→ What you have to do
In the entries below, begin at the line with "Actual product image" and stop after the line with "A9 Mini Hidden"; output those lines exactly and omit the pictures.

Available records Block Start

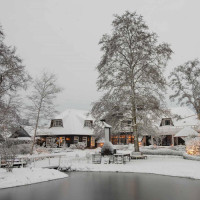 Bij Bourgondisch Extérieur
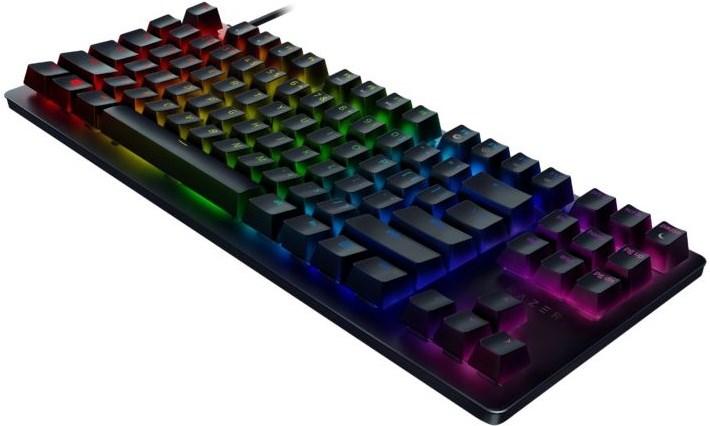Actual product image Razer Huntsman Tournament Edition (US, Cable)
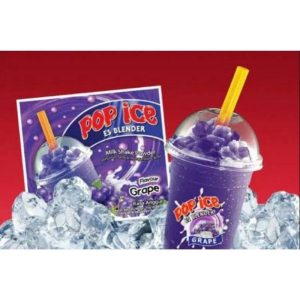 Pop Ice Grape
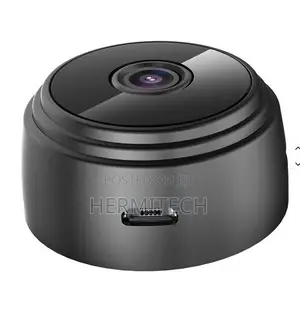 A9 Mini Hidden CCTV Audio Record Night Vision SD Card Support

Available records Block End
Available records Block Start

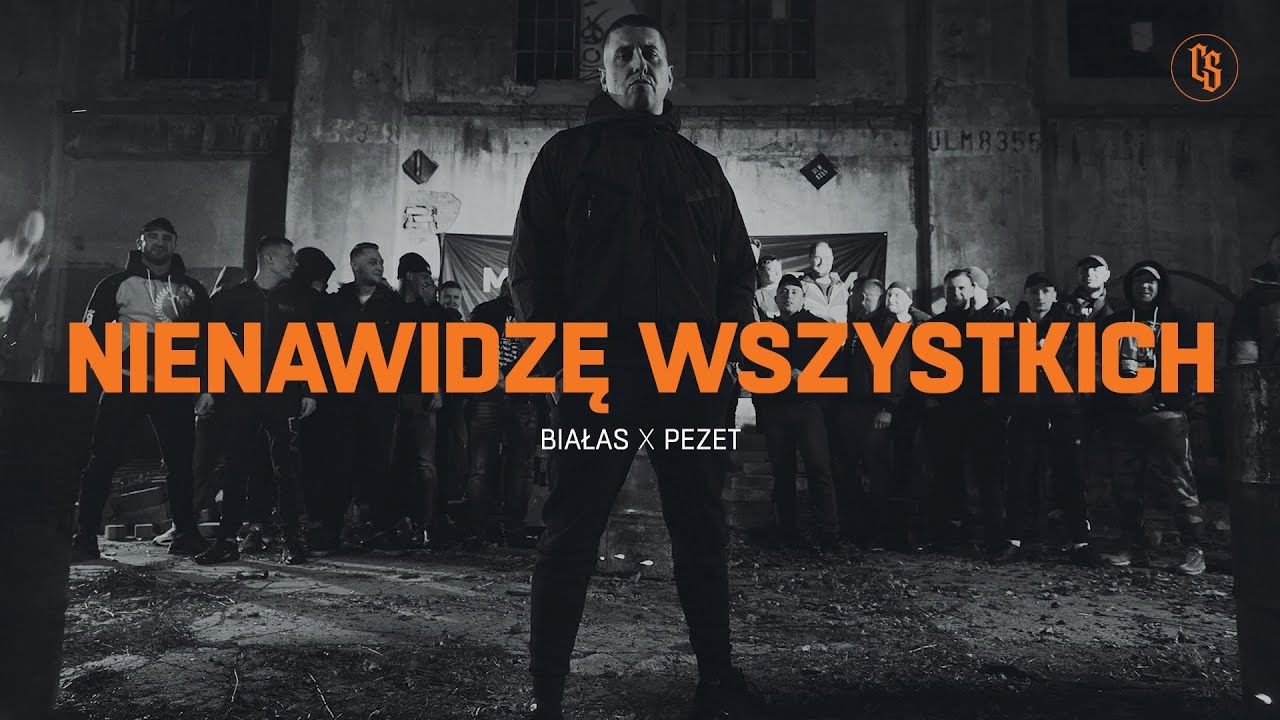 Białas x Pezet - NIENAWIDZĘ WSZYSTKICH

Available records Block End

→ Result for this exercise
Actual product image Razer Huntsman Tournament Edition (US, Cable)
 Pop Ice Grape
 A9 Mini Hidden CCTV Audio Record Night Vision SD Card Support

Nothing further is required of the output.